How do we feel about?
Was it the top goosebumps moment in a season in which the Seahawks unexpectedly wound up less than half a minute playing for the conference championship? Or was it a moment that you certainly don’t apologize for, but don’t exactly brag about given the circumstances?
It was the most memorable play of Seattle’s 2012 season, but was it the one you want as the embodiment of that year?
One year later, how do we make sense of it?
“Stuff happens,” Carroll said. “And it doesn’t always work out exactly the way you see it the second or third time. That’s been happening for years. It’s just unfortunate for their side they came out on the short end of that deal, but it shows you the human aspect. It happened to show us the replacement human aspect of it all as well.”
One play decided the game, and the official – a replacement official as it were – made a decision.
“The guy looked on the ground, and he saw that both guys had the ball so he gave him (Tate) a touchdown,” Carroll said. “I don’t know what another official would have said. Another official might have caught the push.”
Only someone with cheese curds for a brain would think that Seattle did anything wrong. Tate jumped up, competed for the ball and got one hand on it while the Packers’ M.D. Jennings had two. If the officials happened to award the Seahawks a touchdown, well, there have been worse decisions made in the annals of NFL football unless you conveniently forget Super Bowl XL.
It was a touchdown. The official raised his hands, it counted in the standings, and as many times as Tate has been questioned or ridiculed about it, the result stands.
“I definitely would see that was a game-winning touchdown right there,” Tate said. “I don’t care what you think or what they think – it was a catch, or no catch. It was. It is what it is. The referee called a touchdown. I did my job. Point blank. End of story. So I see it as a highlight. It was a big play in a critical moment and it helped us win the game.”
But what do you think?
This isn’t about the legitimacy of the result – that is indisputable at this point.
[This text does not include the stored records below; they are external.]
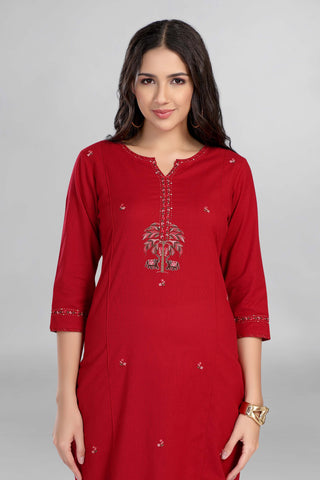 Red Colour Casual Wear Kurti Set Beautiful Hand Emboridery With Cotton Pant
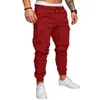 Pantalon masculin masculin multi-poche micro-élastique sport lointain jambes pantalon jogger masque cargo pantl2404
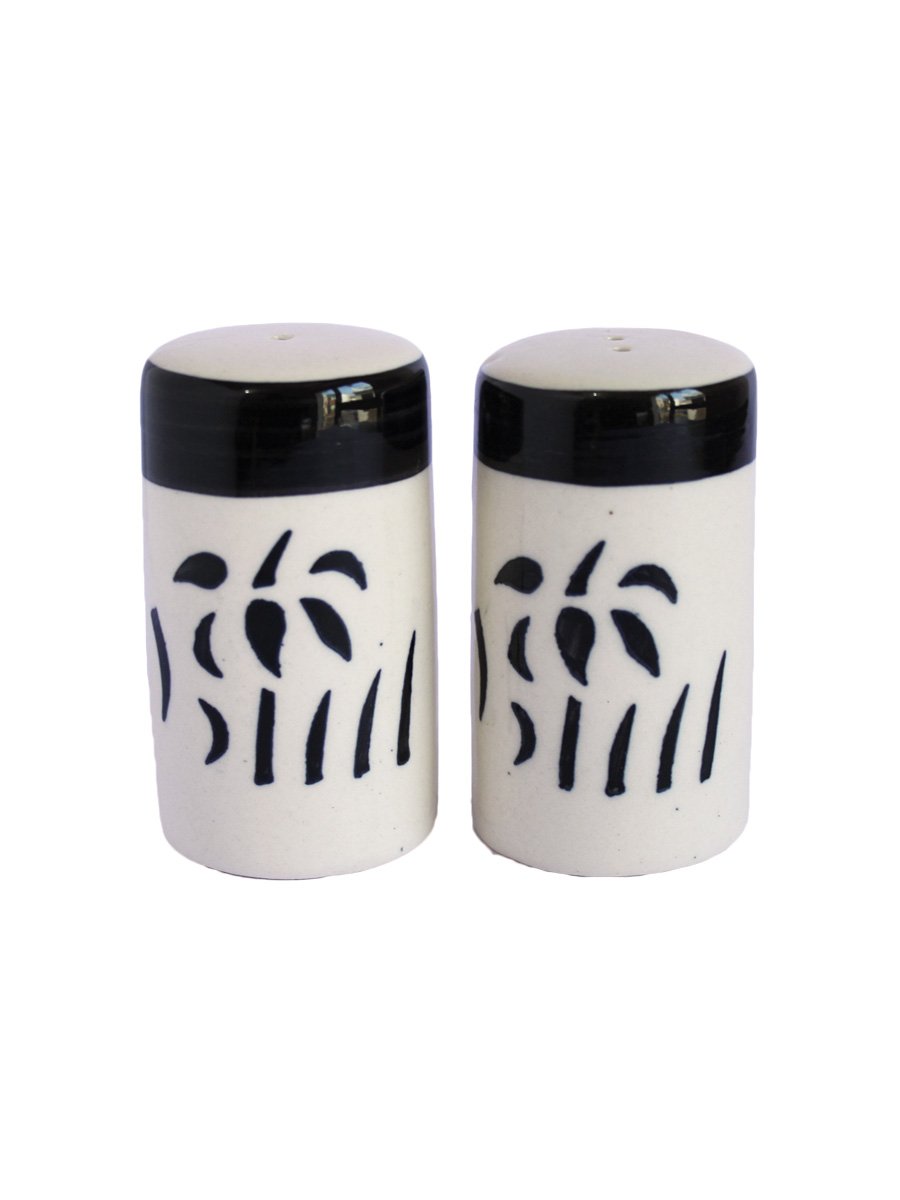 Buy Kraftnation Ceramic Black & White Salt & Pepper Shakers Online at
Seattle would have reached the postseason even if that game went down as a loss, and the Packers had their own chance to win home-field advantage in the playoffs but lost their regular-season finale. This is a question about how we feel as a city when that highlight is played. Is it a point of pride, something to relish? Or is there another play from last season that we cherish more?
Is it an exclamation point or a question mark? It’s an honest question. What’s your answer, Seattle?